Semester Project: Multi-Class Image Classification

Computer VisionPythonStreamLitLBPHOGPCATensorflow

Friday, May 10, 2024

This project focuses on developing a multi-class image classification model using Python, OpenCV, NumPy, and TensorFlow. The primary objective is to classify images into one of the ten classes provided by the CIFAR-10 dataset, which includes categories such as dog, cat, airplane, fish, and more.

Dataset

The CIFAR-10 dataset is a well-known dataset for image classification tasks, consisting of 60,000 32x32 color images in 10 different classes. It is structured in a specific format that requires some preprocessing to convert it into a usable image format for our model.

Data Preparation

  • Extracting Data: The first step involves extracting the CIFAR-10 data from its batch files.
  • Correcting Image Dimensions: After extraction, an additional step is necessary to correct the dimensions of the images, as described on the official CIFAR-10 dataset page.

Data Augmentation

To enhance the dataset, data augmentation techniques were applied using TensorFlow's ImageDataGenerator. This step is crucial for improving the generalization of the model by introducing variations in the training data.

Feature Extraction

Local features of the images were extracted using Histogram of Oriented Gradients (HOG) and Local Binary Patterns (LBP).

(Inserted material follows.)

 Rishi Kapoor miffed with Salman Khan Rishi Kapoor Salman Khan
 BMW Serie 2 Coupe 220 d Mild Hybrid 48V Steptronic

These features help in capturing important characteristics of the images that aid in classification.

Model Training

The VGG16 model was chosen for training the dataset. VGG16 is a pre-trained model with a feature vector of size 1x1000, which is sufficient for this project.

Dimensionality Reduction

Though optional, Principal Component Analysis (PCA) was performed to reduce the feature vector from 1000 to 256 dimensions to meet project guidelines and improve computational efficiency.

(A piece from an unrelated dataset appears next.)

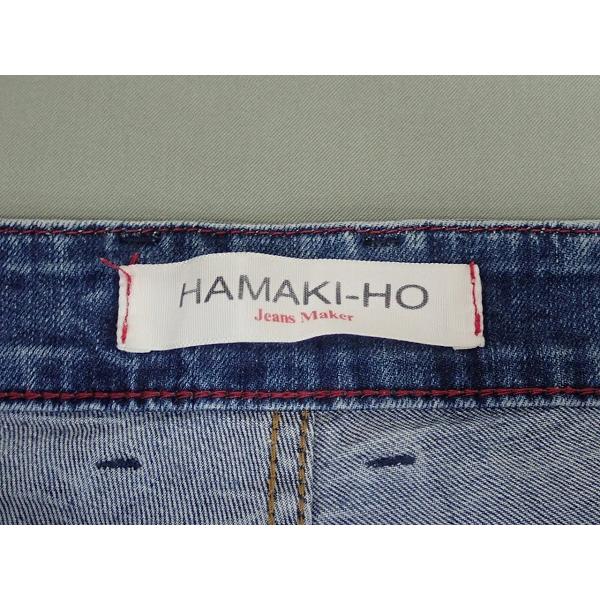 HAMAKI-HO ジーンズ・44△ハマキホ/ストレッチテーパードデニム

Model Evaluation and Saving

The model was evaluated for its performance, and the final trained model was saved using Python's pickle module for future use.

User Interface

A Streamlit interface was created to allow users to upload an image and receive its predicted class. The only requirement is that the image must have dimensions of 32x32x3.

Getting Started

  • Clone the Repository:
git clone https://github.com/yourusername/multiclass-image-classification.git
  • Install Dependencies:
 pip install -r requirements.txt
  • Run the Streamlit Interface:
streamlit run app.py
  • Upload an Image:

Use the provided interface to upload a 32x32x3 image and get the classification result.

Conclusion

This project demonstrates a complete pipeline for multi-class image classification, from data preparation and augmentation to feature extraction, model training, and deployment with a user-friendly interface.